Williams puts his pulse on the problem if the desire argument is not true:

[I]f evolution has been adapting me to function in a purely material world, and if that is the totality of my existence, then why do I have desires for things not in this world? That only makes sense if this world is not the only world.[36]

Our desire for myth and miracles is an indication that we have been designed for more than just survival.[37] For “[w]hat is the survival value (if evolution is supposed to be our ultimate story) of the hunger for meaning that such stories feed?”[38] The simple answer is, “There is no survival value of the hunger for an unfolding plot with the arc of creation, fall, and redemption.”[39]

To be clear, the arguments from narration and desire do not preclude reason but imply a persuasive rationality (invoking ethos, pathos, and logos), which makes the arguments palpable and provocative to other admiring minds.

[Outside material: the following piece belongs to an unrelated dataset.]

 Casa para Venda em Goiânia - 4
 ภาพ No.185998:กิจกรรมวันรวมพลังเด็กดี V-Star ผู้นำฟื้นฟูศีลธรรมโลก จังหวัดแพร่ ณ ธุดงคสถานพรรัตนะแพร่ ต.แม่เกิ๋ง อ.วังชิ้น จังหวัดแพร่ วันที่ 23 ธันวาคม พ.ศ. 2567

Lewis, who was devoted to studying and writing fantasies of faith, was no mystic or fideist. By his own admission, “I am a rationalist.”[40]

 

Donald T. Williams on C. S. Lewis’s Apologetic

Williams proves again helpful when he discusses the significant role of imagination and reason in Lewis’s apologetic: “One of the reasons C. S. Lewis is uniquely important as a Christian thinker and apologist is the way he integrates reason and imagination in his expository writings as well as his fiction, all in the service of truth.”[41] This holistic or integrated approach is in defense of Judeo-Christianity, that is, it’s in the defense of True Faith. I would add that this approach also better understands God as a perfectly rational and creative Being, and thus, provides religious fodder to better worship God with his divine perfections and properties.

But what Lewis’s apologetic does not do is favor reason over emotion. Nor do his writings hyper-focus on reason at the expense of meaning. Why?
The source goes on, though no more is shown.